The trial-like N.L.R.B. hearings that precede a secret ballot election afford the employer numerous opportunities to discredit the workers choice as expressed through their signed cards. Employers hire sophisticated and expensive union avoidance firms that essentially put the workers on trial by challenging the size and composition of the bargaining unit, an individuals status as an employee under the N.L.R.A. and by engaging in other legal maneuvers designed to discredit the union. It can take years before an election is ordered and even longer before bargaining begins, since some employers reject the election and must be compelled to bargain by federal courts.
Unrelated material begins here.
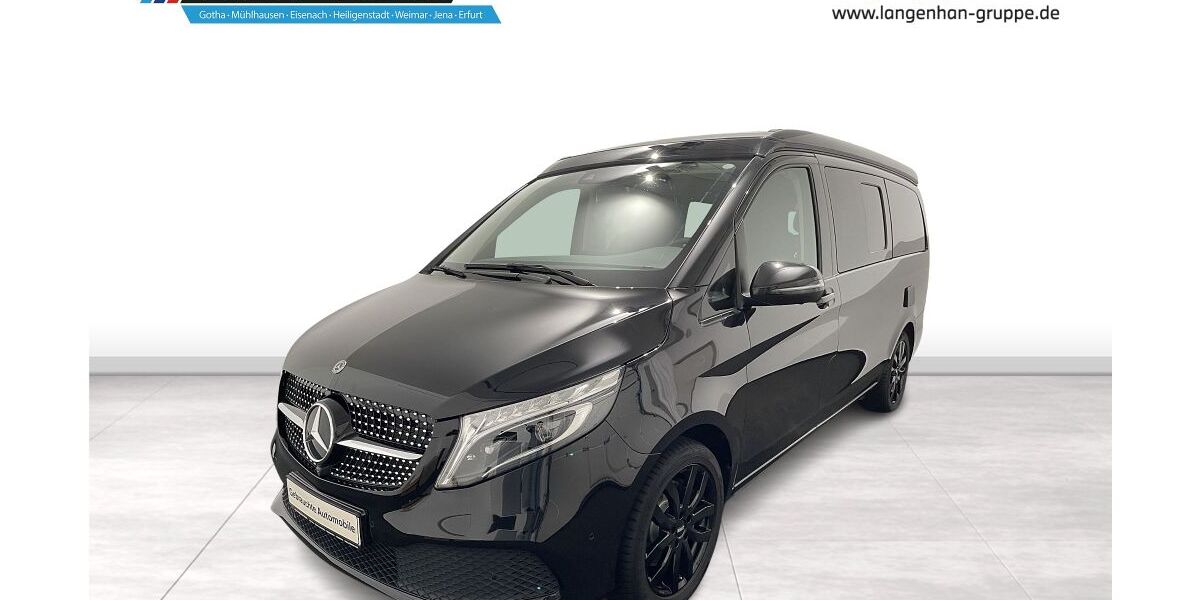 Mercedes-Benz V 300 61.967 km 59.813 &euro; Gotha 99867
The Employee Free Choice Act would restore rights that workers have lost through the years. The Act would require the N.L.R.B. to certify a union as the exclusive representative of the employees when a majority of the employees in a unit appropriate for bargaining has signed valid authorizations. Since E.F.C.A. essentially recognizes the signing of authorization cards as an election, there is no need for yet another election that is demanded by employers. The act would also streamline contract negotiations by requiring that parties who cannot agree to a first bargaining agreement within 120 days must submit the disputed issues to arbitration.
The Employee Free Choice Act is the most important piece of labor legislation in the past 72 years. Both the spirit and the letter of this act strongly resonate with Catholic social teaching, from Rerum Novarum to Laborem Exercens. It deserves to be made the law of the land.